Health equity and patients included: implications for systematic reviews

Article type
Authors
Welch V1, Kristjansson E2, Tugwell P3, Pottie K3
1Bruyere Research Institute
2University of Ottawa
3University of Ottawa
Abstract
Background: the Cochrane Handbook for Systematic Reviews of Interventions was recently updated to include a new chapter on equity and specific populations. Equity is defined as the absence of avoidable differences in health outcomes. Average results may obscure differences in outcomes across specific populations, who may experience health inequity.
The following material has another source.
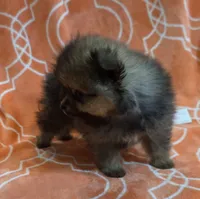 JUDY G   Pink Rib, a female Pomeranian for sale in Weatherford, TX – 3 of 9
Systematic reviews can explore the robustness of findings across specific populations, who may experience health inequity.

Objectives:
1) participants will understand how to incorporate equity considerations into their systematic reviews;
2) participants will understand how to report equity considerations completely and transparently.

Description: participants will be introduced to the mnemonic 'PROGRESS-Plus', and how it can be used to formulate questions and design methods to consider health equity (PROGRESS-Plus: Place of residence, Race/ethnicity/language/culture/language, Occupation, Gender/sex, Religion, Education, Socioeconomic status, Social capital). We will discuss how to consider specific populations such as older adults, migrants, and those who are socioeconomically disadvantaged. We will introduce participants to guidance for reporting equity-focused reviews (PRISMA Equity 2012) and the 2017 GRADE Working Group guidance on considering health equity in guideline development. We will discuss how stakeholder engagement and inclusion of patients is congruent with health equity goals in reviews and guidelines. Participants will be divided into small groups to discuss hot topics in the consideration of health equity in systematic Cochrane Reviews.